A artesã idealizadora do espaço, Suzana Pereira, conta que o objetivo é valorizar o artesão local e sua produção. O espaço também surgiu da deficiência de ter um lugar para expor os produtos para venda.

“As pessoas locam um espaço na loja e expõem os produtos. A gente faz toda curadoria e divulgação das peças. Tudo feito com amor; para quem quiser vir conhecer e presentear com algo diferenciado”, conta.

O local funciona como uma galeria. Foto: Terra do Mandu

“Sempre falo que aqui é uma loja e mil amores. Porque aqui são peças feitas à mão, valorizando o artesão e com mil produtos. E acho que temos que valorizar o local neste momento de pandemia”, destaca Suzana.

Paulo, marido da Suzana, atuava como técnico em telecomunicações. Depois de uma crise de ansiedade, se tornou artesão do crochê.
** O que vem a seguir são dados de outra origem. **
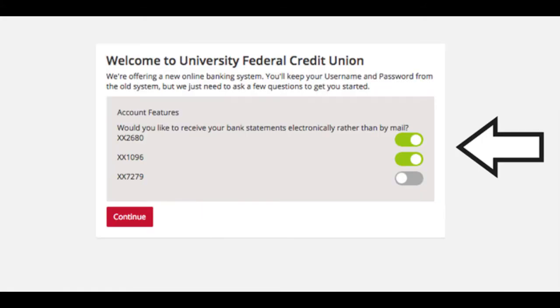The last screen will ask if you would like to receive your bank statements electronically rather than by mail. Toggle to the right to activate the accounts you want e-statements on. Green signifies the e-statement is activated.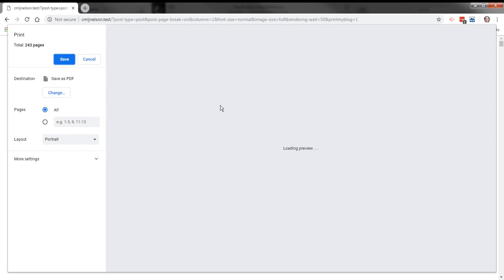But still, it's much faster than printing each page individually or copy and pasting into Microsoft Word. Plus, this keeps your blog's formatting.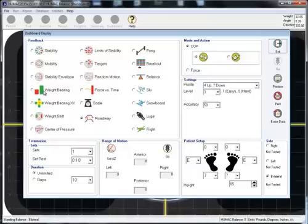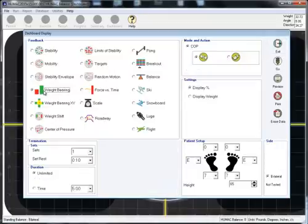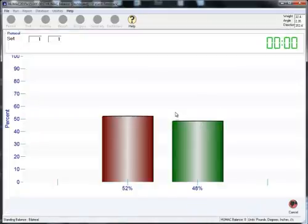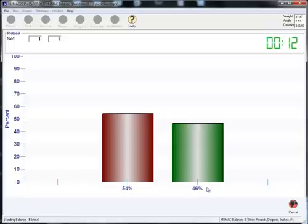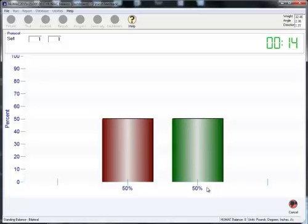Select Weight Bearing. Select Go. This display shows how the patient is distributing their weight. For example, 54% of my weight is on my left side and 46% of my weight is on my right side. So what you might say is shift your weight a little to the right so that your weight is evenly distributed on the bar.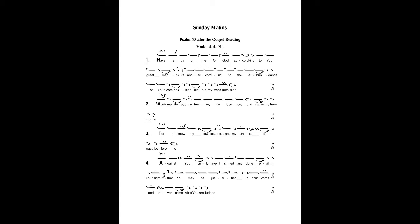Wash me thoroughly from my lawlessness and cleanse me from my sin, for I know my lawlessness and my sin is always before me.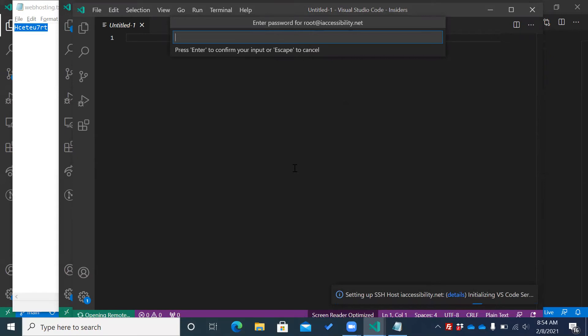Setting up SSH host iaccessibility dot net. Initializing VS Code Server.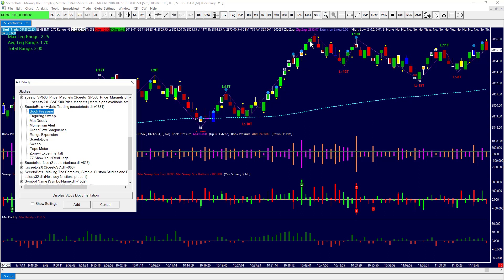We have Engulfing Sweep, which are these white boxes around some bars. That's when orders in the order book sweep out a predetermined amount of other orders, which is pretty significant. It can happen at what we call either breach points or turning points. We have Mac Daddy down here — that's the green and red histogram.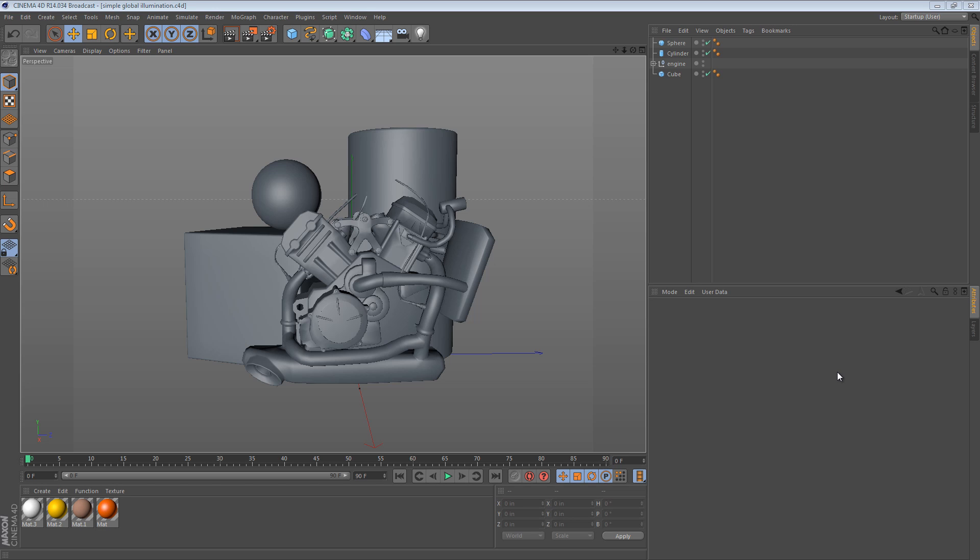Hi again. In this 5 minute tip, we're going to be taking a look at some simple global illumination.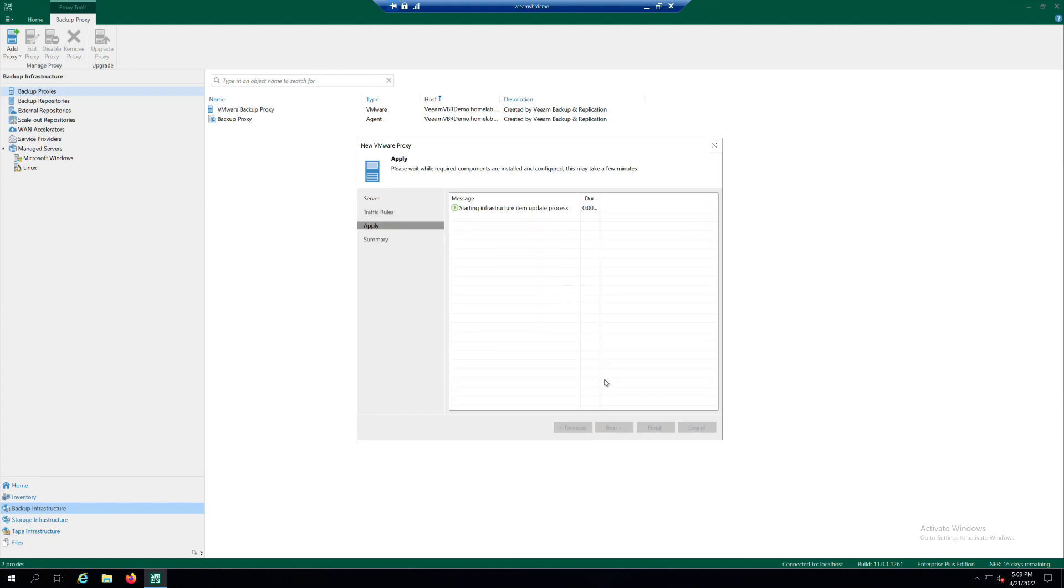At the Apply step of the wizard, wait for the Backup Proxy to be added to the Backup Infrastructure, then click Next.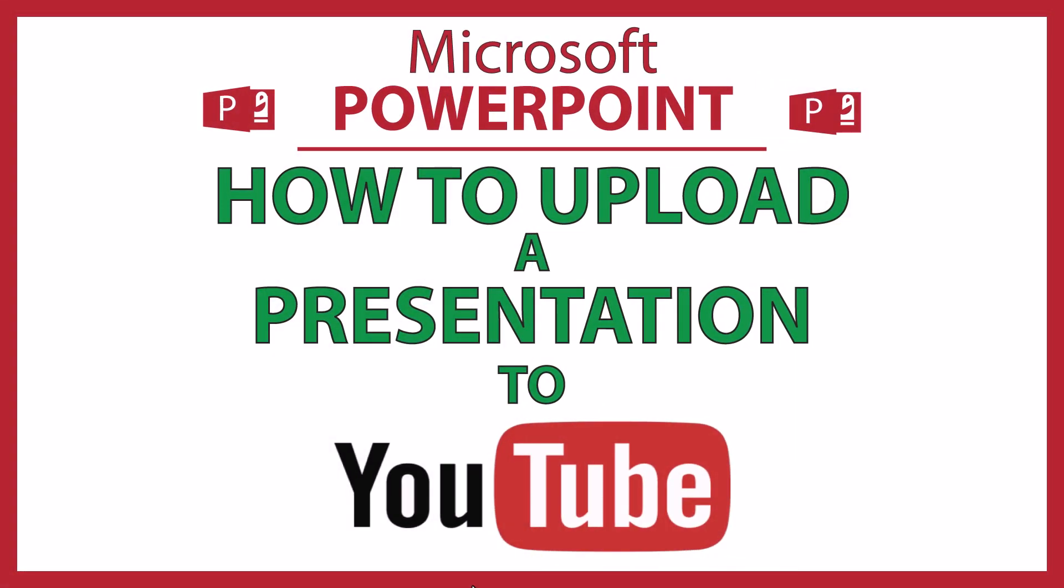This is going to be a video tutorial on how to upload a PowerPoint presentation to YouTube. I will be using Office 365 on a desktop PC for this.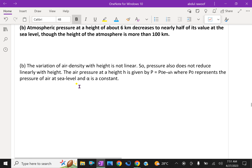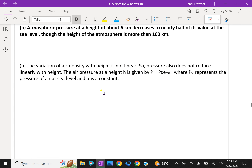The variation of air density with height is not linear. Actually, the pressure variation with air density is not a linear one. So pressure does not reduce linearly with height. That means if you go double the height, it does not simply reduce to half in a linear fashion.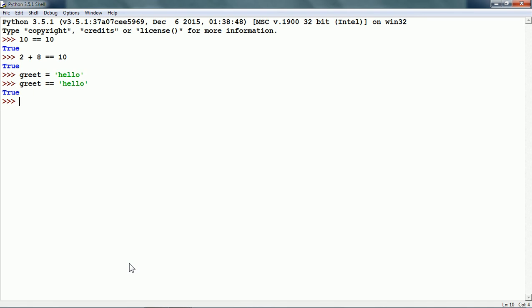Now, if we compare the variable greet with another string, it will give us false. This time, I am comparing it with hello but with an uppercase H in the beginning. It is false because the two strings have different first characters.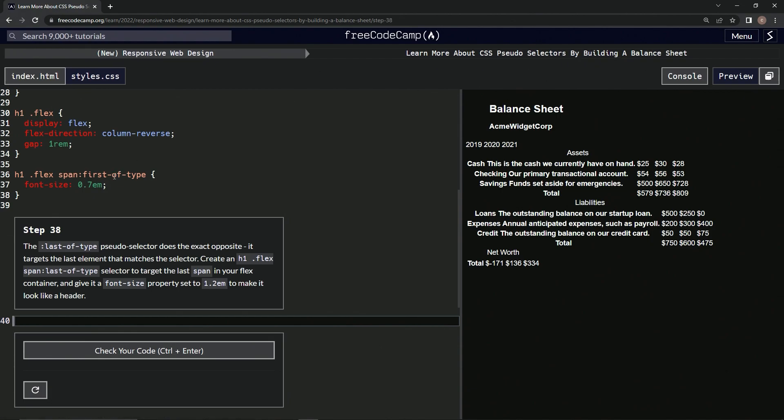The last-of-type pseudo selector does the exact opposite - it targets the last element that matches the selector. We're going to create an h1 .flex span:last-of-type selector to target the last span in our flex container.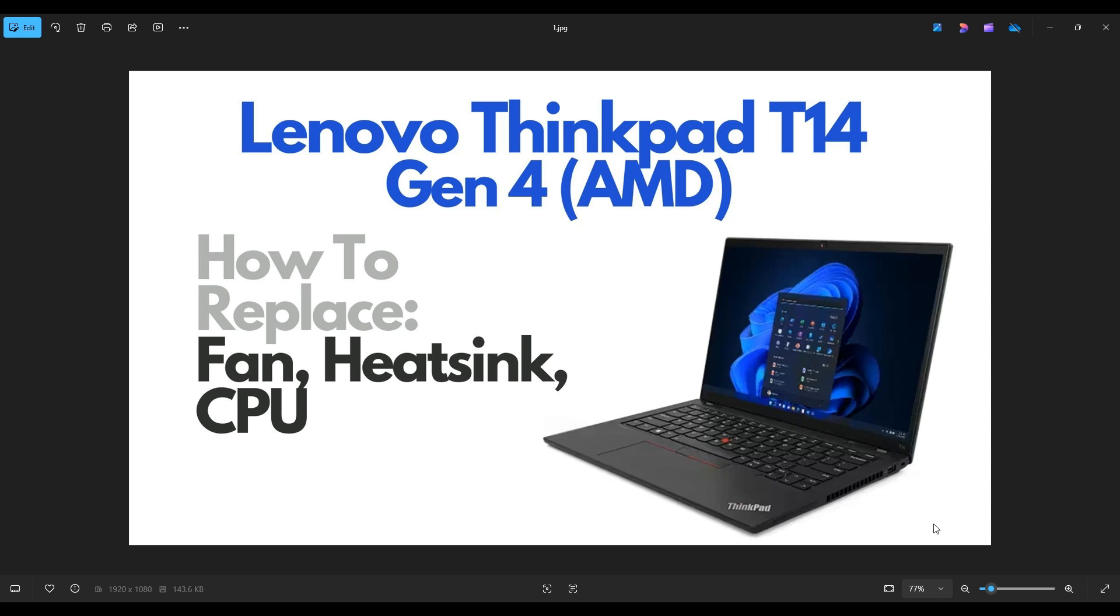Hello everyone, my name is Jamin. Thanks so much for visiting my channel. In this video, I have a ThinkPad T14. This is the Gen 4 series, the AMD model.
Em poucas horas de trabalho, ele produz peças como essas: tem o sapo, o coelhinho, o macaquinho…

Após uma crise de ansiedade, Paulo se tornou artesão no crochê. Foto: Terra do Mandu

Marcela, uma das artesãs que expõem seus trabalhos para serem comercializados na loja, conta que a loja colaborativa foi uma ótima opção, pois a venda dos itens personalizados de papelaria é a sua única fonte de renda. “Nem todo mundo tem condições de montar uma loja, aqui nós pagamos um valor simbólico e podemos deixar os produtos expostos e vender.”

No local, as pessoas vão encontrar peças que custam entre R$ 15 e R$ 200. A loja Nós de Minas fica na Rua Santo Antônio, número 108, no Centro. E funciona de segunda a sábado, das 09h às 18h.